Dataset entries
##############################
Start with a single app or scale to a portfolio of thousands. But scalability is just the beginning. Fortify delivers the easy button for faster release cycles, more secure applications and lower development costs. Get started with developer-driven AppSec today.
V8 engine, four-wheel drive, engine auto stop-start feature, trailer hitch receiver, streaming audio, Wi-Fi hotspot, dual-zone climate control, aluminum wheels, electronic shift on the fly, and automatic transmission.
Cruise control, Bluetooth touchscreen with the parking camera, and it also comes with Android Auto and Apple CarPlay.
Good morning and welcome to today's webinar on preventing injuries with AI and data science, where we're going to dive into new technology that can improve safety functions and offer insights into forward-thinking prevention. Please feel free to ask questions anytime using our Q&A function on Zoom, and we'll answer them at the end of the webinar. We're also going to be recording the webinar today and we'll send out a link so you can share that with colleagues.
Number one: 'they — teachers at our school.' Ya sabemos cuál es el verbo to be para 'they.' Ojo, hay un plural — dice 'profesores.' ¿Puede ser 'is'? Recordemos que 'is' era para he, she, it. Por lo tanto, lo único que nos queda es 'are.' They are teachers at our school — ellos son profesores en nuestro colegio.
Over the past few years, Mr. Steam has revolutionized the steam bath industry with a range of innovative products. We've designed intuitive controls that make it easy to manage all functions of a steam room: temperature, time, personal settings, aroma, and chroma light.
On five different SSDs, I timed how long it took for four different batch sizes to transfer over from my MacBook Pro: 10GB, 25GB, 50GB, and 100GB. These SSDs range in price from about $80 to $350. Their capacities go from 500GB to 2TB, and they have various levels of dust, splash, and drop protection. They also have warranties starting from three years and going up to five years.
##############################
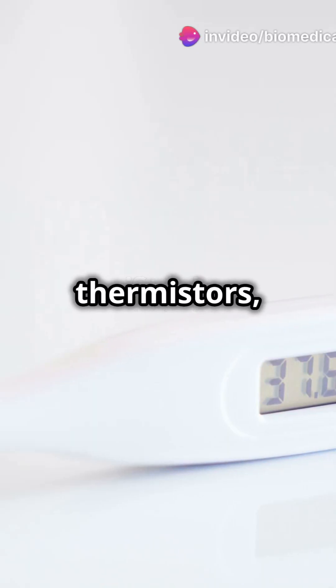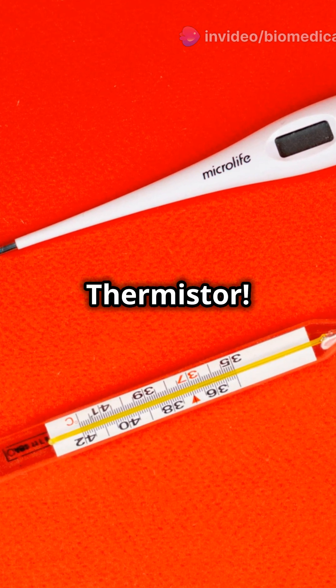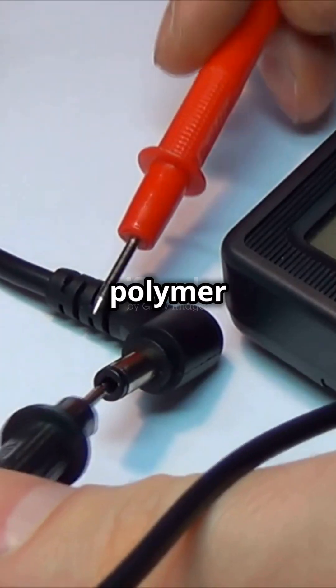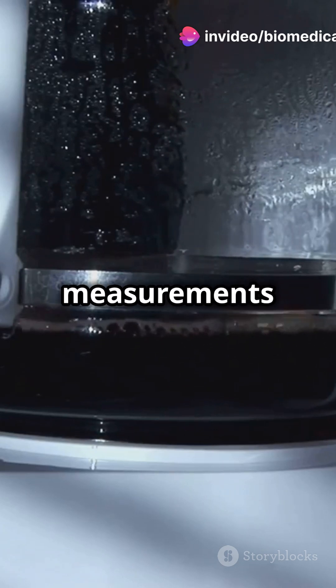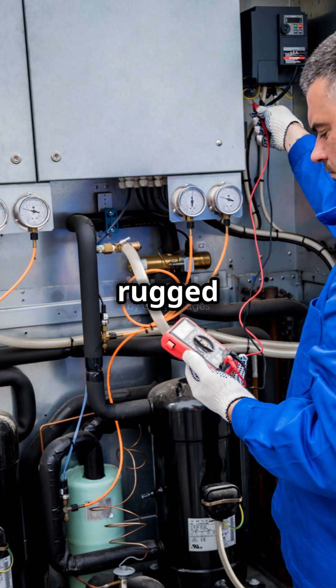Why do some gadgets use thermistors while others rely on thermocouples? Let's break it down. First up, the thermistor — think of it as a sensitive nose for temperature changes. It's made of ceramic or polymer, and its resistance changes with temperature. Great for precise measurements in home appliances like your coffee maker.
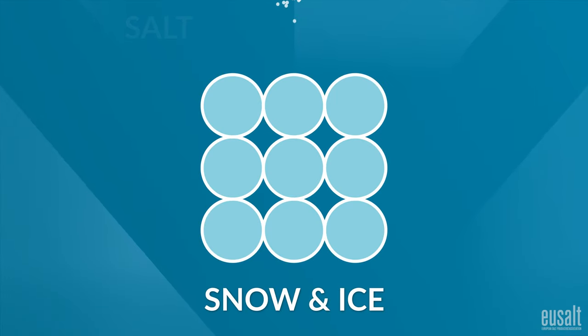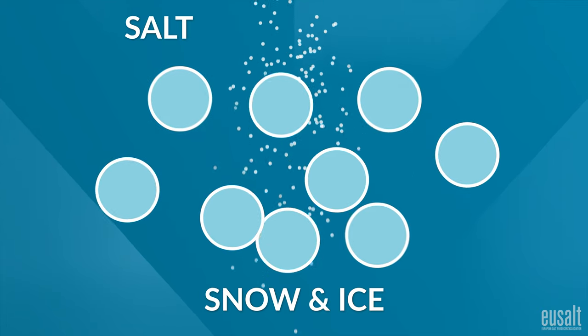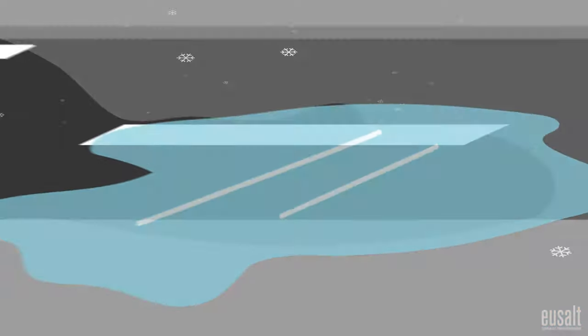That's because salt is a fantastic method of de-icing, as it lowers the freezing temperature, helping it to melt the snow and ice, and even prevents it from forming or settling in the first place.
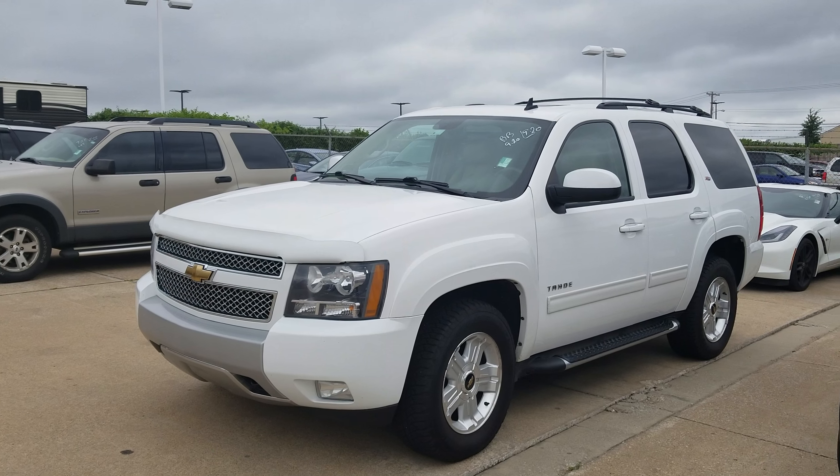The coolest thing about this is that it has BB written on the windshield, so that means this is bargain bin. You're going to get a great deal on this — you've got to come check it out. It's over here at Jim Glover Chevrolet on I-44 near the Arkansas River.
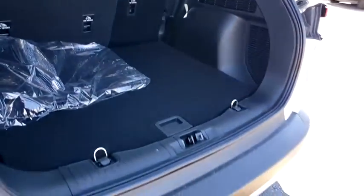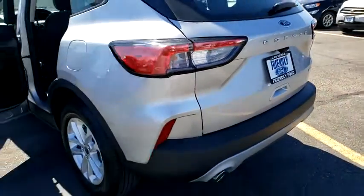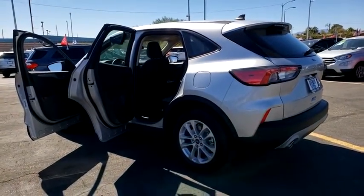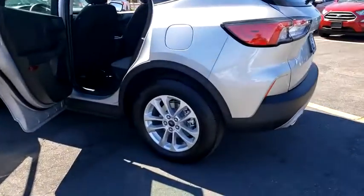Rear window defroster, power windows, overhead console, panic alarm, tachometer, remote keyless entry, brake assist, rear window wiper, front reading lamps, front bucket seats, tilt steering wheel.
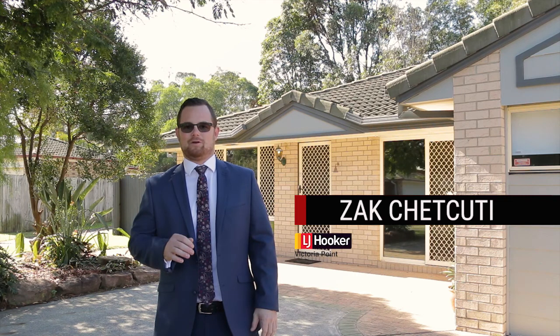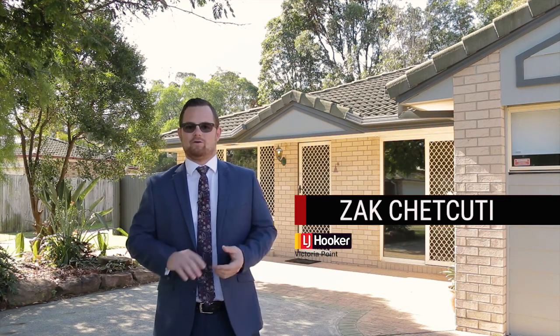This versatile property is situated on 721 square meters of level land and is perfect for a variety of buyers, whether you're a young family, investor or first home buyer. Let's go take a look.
##############################
> [What you will do]: Print, from the entries above, the line with "Start with a", the line with "Good morning and" and all lines between them, exactly and with nothing else.

> [Reply]:
Start with a single app or scale to a portfolio of thousands. But scalability is just the beginning. Fortify delivers the easy button for faster release cycles, more secure applications and lower development costs. Get started with developer-driven AppSec today.
V8 engine, four-wheel drive, engine auto stop-start feature, trailer hitch receiver, streaming audio, Wi-Fi hotspot, dual-zone climate control, aluminum wheels, electronic shift on the fly, and automatic transmission.
Cruise control, Bluetooth touchscreen with the parking camera, and it also comes with Android Auto and Apple CarPlay.
Good morning and welcome to today's webinar on preventing injuries with AI and data science, where we're going to dive into new technology that can improve safety functions and offer insights into forward-thinking prevention. Please feel free to ask questions anytime using our Q&A function on Zoom, and we'll answer them at the end of the webinar. We're also going to be recording the webinar today and we'll send out a link so you can share that with colleagues.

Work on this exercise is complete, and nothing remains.